The Magic of "Appreciation". - Sushmita Malakar Blog //]]>

Saturday, October 10, 2015

The Magic of "Appreciation".

(This post has been picked up as a Spicy Saturday Pick by BlogAdda)

I am no relationship expert. Period.

I have never really written much about relationships in my past. But then, what is life without exploration. I am the most inappropriate person to turn to for any kind of relationship advice. And I say this because after more than a decade of being in love, I am completely clueless about the direction in which my love life should be moving when I finally want to see it settling down.

However, as a wise lady said that it is always good to remember things that happen or happened with a smile. Therefore,  I sit to write today about one of the fine things that my twelve years of devotion has taught me.

The beauty of appreciation is not hidden to anyone. We are constantly reminded of being thankful and grateful for everything in life. Appreciate what we have. Even for a mentally peaceful survival, appreciation from family and peers is what we seek. Be it at a personal front or at the professional front, appreciation is needed to keep one motivated to keep on going.

So isn't it equally necessary that when you decide to attach yourself to a person emotionally and physically, you keep the appreciation quotient alive and intact in that attachment? If you are giving your time and energy and efforts to something, it feels good to be appreciated. The other person does expect that appreciation too!

Just like you don't have to say "I love you" every now and then to let the other person know that you love him/her, being grateful doesn't mean you have to say that. And also, being grateful to the other person has nothing to do with your being less expressive.

I have always been a person who says thank you and sorry every time I want to. Though my other half of my beautiful past was not that expressive but he would always show his gratitude by giving that lovely look of "thanks for being there" and uttering some beautiful lines. He used to be a funny and unconventional guy, so he would express his gratitude and appreciation by singing some long lost Bollywood song in his terrible voice. 



There you go. You don't have to just say it or express yourself explicitly. If you are shy, you can always use some other means.

Why am I stressing on appreciation today? It is very simple. When you appreciate someone for the love and care that they shower on you, it shows the respect that you have for the person and your relationship. Picture this, your other half had a bad day at work and doesn't let you know but just cooks the best food for you or does something for you like surprise picking you up from the office, your simple words to express your thankfulness can lift up the mood so effortlessly. It makes one believe that at least something is good in their life. And this is just a minute example.

Surprises are good!
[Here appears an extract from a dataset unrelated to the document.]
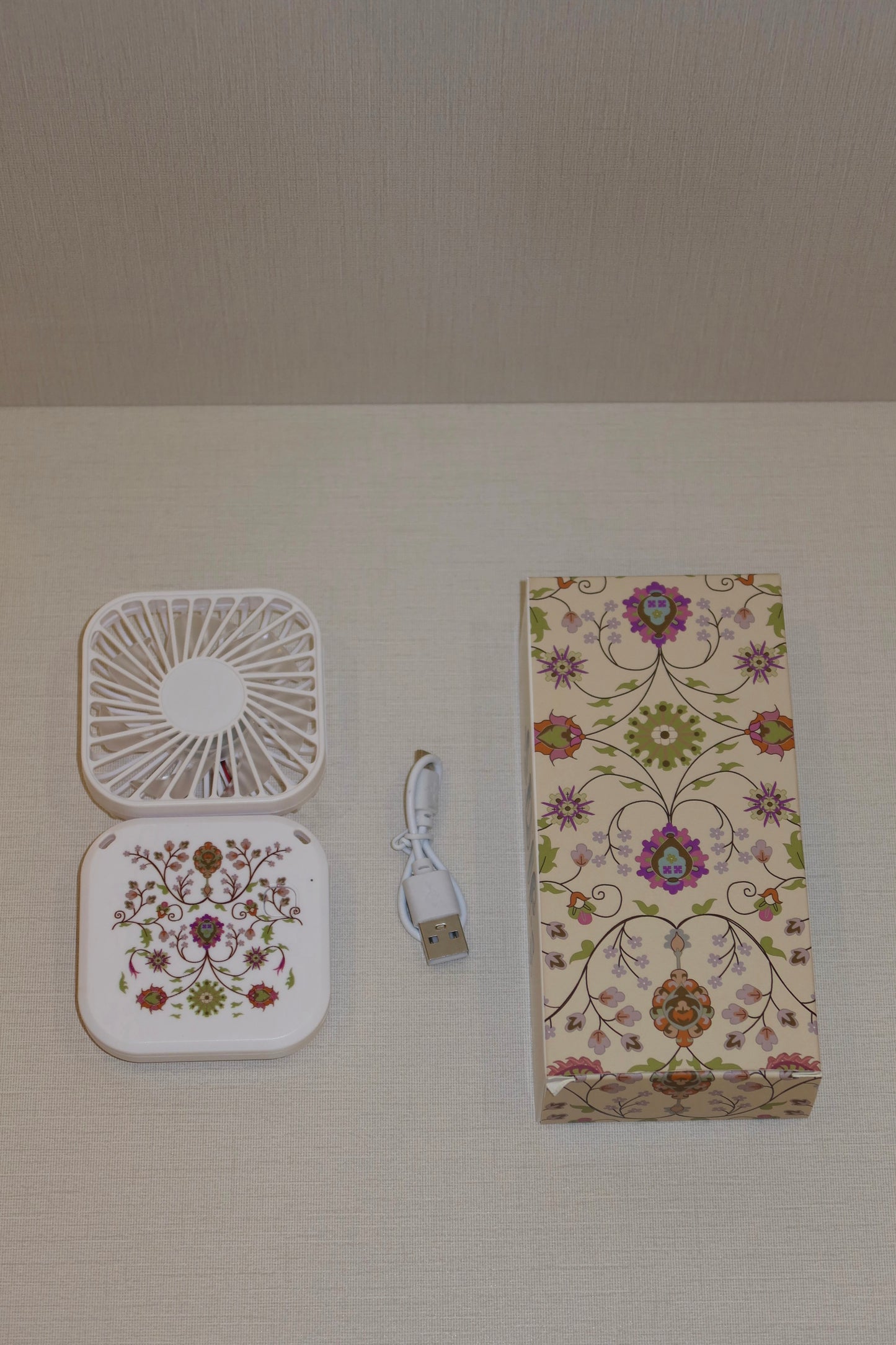 Vine Pocket Fan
When I used meet him for our date Saturdays, I would get some flowers or chocolates for him on some days. That just instantly brighten ups the day, no? Not that he was a flowers or chocolate lover, but the gesture is sweet. Even he would sometime just stop on the road to buy those helium filled heart shaped balloons. These are the most subtle way of letting the other person know that how special they are. 

Surprises always add the special zing to any relationship. And when you surprise without occasion, it just makes someone feel all the more special.

Complimenting when you really mean it helps a lot. There are times when you look just fine and then there are times when you look just wow. Doesn't it feel great that if you are making an extra effort to look just wow, the other person appreciates that? I know it does, irrespective of the gender. So go ahead, compliment your other half for the same. 

My set of compliments always use to make me feel happier. Of course, being with him was a happy state of mind but compliments just add on the happiness factor. And yes, I have always been liberal with complimenting others. 

It is important to recognize the li'l efforts that your partner makes. He/she might not be very comfortable getting up early in the morning but does that because you have to leave early everyday, then that effort deserves an appreciation. I never used to like yogurt but my then partner, who graced my life for almost a decade making me try out different things to eat, used to love yogurt. I started to eat that because our meals would be incomplete without that. Not that it was something imposed or it is a big deal, but these are things that you love to or enjoy doing for someone who deserves it. And not that you expect a recognition for that but if the effort goes noticed, it just gives you a happiness massage. 

And lastly, don't hesitate to say I love you. They always remain the three li'l magical words that can instantly lift up the mood. Though my other half did not really believe in saying that more often because according to him if you use these words too often, they tend lose their charm, I  never refrained from being as expressive as I could have been. 

Appreciating never takes a lot of your time. But trust me, these li'l efforts can really add strength and stability to any relationship.